# WHAT TO PRODUCE:
Please reproduce the records, omitting nothing and changing nothing.

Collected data

↓↓↓

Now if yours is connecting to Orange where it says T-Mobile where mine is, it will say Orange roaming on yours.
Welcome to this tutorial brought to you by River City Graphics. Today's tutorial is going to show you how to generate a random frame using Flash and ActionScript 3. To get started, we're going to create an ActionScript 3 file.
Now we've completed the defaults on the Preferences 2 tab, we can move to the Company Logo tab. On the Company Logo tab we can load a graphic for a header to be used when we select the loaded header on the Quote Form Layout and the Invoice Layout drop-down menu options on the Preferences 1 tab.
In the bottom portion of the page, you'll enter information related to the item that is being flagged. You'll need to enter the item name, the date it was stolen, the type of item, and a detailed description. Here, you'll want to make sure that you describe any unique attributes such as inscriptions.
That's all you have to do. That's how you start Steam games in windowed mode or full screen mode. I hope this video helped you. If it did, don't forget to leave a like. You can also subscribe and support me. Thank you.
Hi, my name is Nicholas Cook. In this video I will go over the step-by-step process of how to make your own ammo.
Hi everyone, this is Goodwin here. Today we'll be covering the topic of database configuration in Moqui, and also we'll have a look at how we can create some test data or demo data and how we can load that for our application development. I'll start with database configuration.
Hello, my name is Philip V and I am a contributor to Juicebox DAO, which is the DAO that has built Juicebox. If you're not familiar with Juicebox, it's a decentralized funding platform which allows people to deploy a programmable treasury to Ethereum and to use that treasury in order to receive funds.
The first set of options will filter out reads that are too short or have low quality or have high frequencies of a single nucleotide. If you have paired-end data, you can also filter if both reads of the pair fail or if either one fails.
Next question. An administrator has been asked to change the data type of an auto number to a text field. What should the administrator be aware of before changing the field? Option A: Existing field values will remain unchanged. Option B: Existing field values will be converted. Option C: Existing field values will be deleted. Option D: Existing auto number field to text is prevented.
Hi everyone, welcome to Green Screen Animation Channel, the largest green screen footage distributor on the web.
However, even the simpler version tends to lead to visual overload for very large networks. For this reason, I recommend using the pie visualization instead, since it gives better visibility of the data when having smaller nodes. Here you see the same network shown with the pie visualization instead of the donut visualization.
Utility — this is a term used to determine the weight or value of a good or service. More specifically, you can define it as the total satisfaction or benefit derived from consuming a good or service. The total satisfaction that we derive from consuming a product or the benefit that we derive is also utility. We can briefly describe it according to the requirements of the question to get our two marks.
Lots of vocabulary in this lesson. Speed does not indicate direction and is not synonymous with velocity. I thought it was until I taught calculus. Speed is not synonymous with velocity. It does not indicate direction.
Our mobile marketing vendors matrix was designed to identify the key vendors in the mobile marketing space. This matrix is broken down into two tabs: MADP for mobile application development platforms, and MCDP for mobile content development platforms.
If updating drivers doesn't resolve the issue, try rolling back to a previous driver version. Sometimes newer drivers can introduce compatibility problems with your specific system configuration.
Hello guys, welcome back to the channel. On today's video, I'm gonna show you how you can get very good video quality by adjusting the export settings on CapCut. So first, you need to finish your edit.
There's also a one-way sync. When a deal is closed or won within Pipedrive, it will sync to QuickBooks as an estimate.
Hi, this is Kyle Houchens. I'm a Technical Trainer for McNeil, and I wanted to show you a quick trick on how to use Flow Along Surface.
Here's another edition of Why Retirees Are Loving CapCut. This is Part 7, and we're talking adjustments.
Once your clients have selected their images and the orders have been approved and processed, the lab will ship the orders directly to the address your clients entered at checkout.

↑↑↑

# EXERCISE OUTPUT:
Now if yours is connecting to Orange where it says T-Mobile where mine is, it will say Orange roaming on yours.
Welcome to this tutorial brought to you by River City Graphics. Today's tutorial is going to show you how to generate a random frame using Flash and ActionScript 3. To get started, we're going to create an ActionScript 3 file.
Now we've completed the defaults on the Preferences 2 tab, we can move to the Company Logo tab. On the Company Logo tab we can load a graphic for a header to be used when we select the loaded header on the Quote Form Layout and the Invoice Layout drop-down menu options on the Preferences 1 tab.
In the bottom portion of the page, you'll enter information related to the item that is being flagged. You'll need to enter the item name, the date it was stolen, the type of item, and a detailed description. Here, you'll want to make sure that you describe any unique attributes such as inscriptions.
That's all you have to do. That's how you start Steam games in windowed mode or full screen mode. I hope this video helped you. If it did, don't forget to leave a like. You can also subscribe and support me. Thank you.
Hi, my name is Nicholas Cook. In this video I will go over the step-by-step process of how to make your own ammo.
Hi everyone, this is Goodwin here. Today we'll be covering the topic of database configuration in Moqui, and also we'll have a look at how we can create some test data or demo data and how we can load that for our application development. I'll start with database configuration.
Hello, my name is Philip V and I am a contributor to Juicebox DAO, which is the DAO that has built Juicebox. If you're not familiar with Juicebox, it's a decentralized funding platform which allows people to deploy a programmable treasury to Ethereum and to use that treasury in order to receive funds.
The first set of options will filter out reads that are too short or have low quality or have high frequencies of a single nucleotide. If you have paired-end data, you can also filter if both reads of the pair fail or if either one fails.
Next question. An administrator has been asked to change the data type of an auto number to a text field. What should the administrator be aware of before changing the field? Option A: Existing field values will remain unchanged. Option B: Existing field values will be converted. Option C: Existing field values will be deleted. Option D: Existing auto number field to text is prevented.
Hi everyone, welcome to Green Screen Animation Channel, the largest green screen footage distributor on the web.
However, even the simpler version tends to lead to visual overload for very large networks. For this reason, I recommend using the pie visualization instead, since it gives better visibility of the data when having smaller nodes. Here you see the same network shown with the pie visualization instead of the donut visualization.
Utility — this is a term used to determine the weight or value of a good or service. More specifically, you can define it as the total satisfaction or benefit derived from consuming a good or service. The total satisfaction that we derive from consuming a product or the benefit that we derive is also utility. We can briefly describe it according to the requirements of the question to get our two marks.
Lots of vocabulary in this lesson. Speed does not indicate direction and is not synonymous with velocity. I thought it was until I taught calculus. Speed is not synonymous with velocity. It does not indicate direction.
Our mobile marketing vendors matrix was designed to identify the key vendors in the mobile marketing space. This matrix is broken down into two tabs: MADP for mobile application development platforms, and MCDP for mobile content development platforms.
If updating drivers doesn't resolve the issue, try rolling back to a previous driver version. Sometimes newer drivers can introduce compatibility problems with your specific system configuration.
Hello guys, welcome back to the channel. On today's video, I'm gonna show you how you can get very good video quality by adjusting the export settings on CapCut. So first, you need to finish your edit.
There's also a one-way sync. When a deal is closed or won within Pipedrive, it will sync to QuickBooks as an estimate.
Hi, this is Kyle Houchens. I'm a Technical Trainer for McNeil, and I wanted to show you a quick trick on how to use Flow Along Surface.
Here's another edition of Why Retirees Are Loving CapCut. This is Part 7, and we're talking adjustments.
Once your clients have selected their images and the orders have been approved and processed, the lab will ship the orders directly to the address your clients entered at checkout.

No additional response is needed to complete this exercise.